Tennessee basketball home and home with Illinois long overdue
They are both east of the Mississippi River and separated by just one state. Both teams wear orange, and both are the flagship schools of their respective states. Somehow, though, Tennessee basketball and the Illinois Fighting Illini have hardly ever faced off. That now changes.
Rick Barnes and Brad Underwood have scheduled a home and home with their respective teams. UT will host Illinois in December of 2023, and the Vols will visit them in Champaign, Ill., the next year, in December of 2024.
Up to this point, Tennessee basketball and Illinois have played only three times, the most recent way back in January of 1988 at Illinois, with the Fighting Illini, ranked No. 20 at the time, winning 103-79. The schools officially announced this agreement Tuesday afternoon.

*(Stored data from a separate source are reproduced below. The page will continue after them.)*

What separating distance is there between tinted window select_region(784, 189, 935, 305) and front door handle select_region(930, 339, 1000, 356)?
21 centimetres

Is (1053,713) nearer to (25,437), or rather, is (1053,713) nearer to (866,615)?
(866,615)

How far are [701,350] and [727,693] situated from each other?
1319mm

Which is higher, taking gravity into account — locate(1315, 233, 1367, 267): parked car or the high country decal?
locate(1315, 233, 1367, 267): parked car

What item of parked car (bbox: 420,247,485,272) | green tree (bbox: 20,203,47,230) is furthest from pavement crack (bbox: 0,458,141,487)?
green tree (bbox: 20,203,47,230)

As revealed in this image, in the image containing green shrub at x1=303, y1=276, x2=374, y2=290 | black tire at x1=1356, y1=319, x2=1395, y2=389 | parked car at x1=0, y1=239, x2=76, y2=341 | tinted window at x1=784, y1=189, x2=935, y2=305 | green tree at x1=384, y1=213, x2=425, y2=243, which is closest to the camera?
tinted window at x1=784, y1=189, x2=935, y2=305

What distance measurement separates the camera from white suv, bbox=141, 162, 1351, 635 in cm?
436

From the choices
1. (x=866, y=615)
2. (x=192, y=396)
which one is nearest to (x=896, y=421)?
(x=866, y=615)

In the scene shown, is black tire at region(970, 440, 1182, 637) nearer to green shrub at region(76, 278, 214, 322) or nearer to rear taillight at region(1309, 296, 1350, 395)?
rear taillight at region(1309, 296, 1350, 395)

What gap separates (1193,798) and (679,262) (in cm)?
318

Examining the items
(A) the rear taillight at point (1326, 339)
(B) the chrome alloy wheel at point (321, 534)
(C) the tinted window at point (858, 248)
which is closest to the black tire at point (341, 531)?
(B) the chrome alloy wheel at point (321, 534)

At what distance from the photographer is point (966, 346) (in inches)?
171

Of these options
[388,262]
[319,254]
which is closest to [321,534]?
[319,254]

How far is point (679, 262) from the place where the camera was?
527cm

Despite Illinois winning the last matchup, UT leads the all-time series 2-1. The Vols beat No. 10 ranked Illinois 54-51 at home back in December of 1985. They beat them 66-42 at home back during the Ray Mears days in December of 1967.
This is the type of matchup the sport needs though. Illinois has been rolling as a program ever since Underwod took over in 2017. He has led them to two straight NCAA Tournaments, and it would have been three if COVID didn’t result in the cancelation of the 2020 Big Dance.

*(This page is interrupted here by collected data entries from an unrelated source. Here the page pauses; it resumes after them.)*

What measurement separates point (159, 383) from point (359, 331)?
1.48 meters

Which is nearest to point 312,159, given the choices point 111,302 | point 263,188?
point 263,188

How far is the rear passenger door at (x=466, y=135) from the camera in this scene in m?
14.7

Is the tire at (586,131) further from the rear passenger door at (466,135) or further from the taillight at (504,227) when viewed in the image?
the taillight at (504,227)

Last year, he won the Big Ten regular season championship. The year before, he won the Big Ten Tournament Championship. Both years, he led Illinois to the NCAA Tournament Round of 32, and he’s got another top 25 caliber team this year.
Simply put, Underwood has the program rolling, just as Barnes has Tennessee basketball rolling. They also have Big 12 ties, as Underwood played for the Kansas State Wildcats and coached the Oklahoma State Cowboys for one year. He was a KSU assistant from 2006 to 2012 while Barnes was head coach of the Texas Longhorns.
There is another intriguing coaching tie between these schools. Bill Self took over Illinois in 2000 after leading the Tulsa Golden Hurricane to the Elite Eight. Buzz Peterson replaced Self at Tulsa and won the NIT, which is what raised his profile to get the job at UT.
Self’s replacement at Illinois after he took over the Kansas Jayhawks, Bruce Weber, was later hired by John Currie at KSU in 2012 after Currie and Frank Martin parted ways. Ironically, Underwood was an assistant to Martin and followed him to the South Carolina Gamecocks. Of course, Currie had an infamous stint as UT athletic director in 2017.
The biggest tie, though, is what happened with Bruce Pearl. In 1988-1989, Pearl, then an assistant with the Iowa Hawkeyes, was at the center of a recruiting scandal involving Illinois and Dean Thomas. Pearl basically obtained evidence of shady recruiting by Illinois to land Thomas and turned it over to the NCAA.
That resulted in a two-year postseason ban for Illinois. It also seems to have led to Pearl being blackballed from high-profile jobs, as he spent nine years with the Southern Indiana Screaming Eagles and then four with the Wisconsin Milwaukee Panthers before UT came calling in 2005.
As we all know, Pearl was ironically fired by Tennessee basketball for a recruiting violation. All of this makes for what should be an interesting matchup between these two schools. The Vols and Illinois should have been playing each other years ago, and it’s high-time this happened.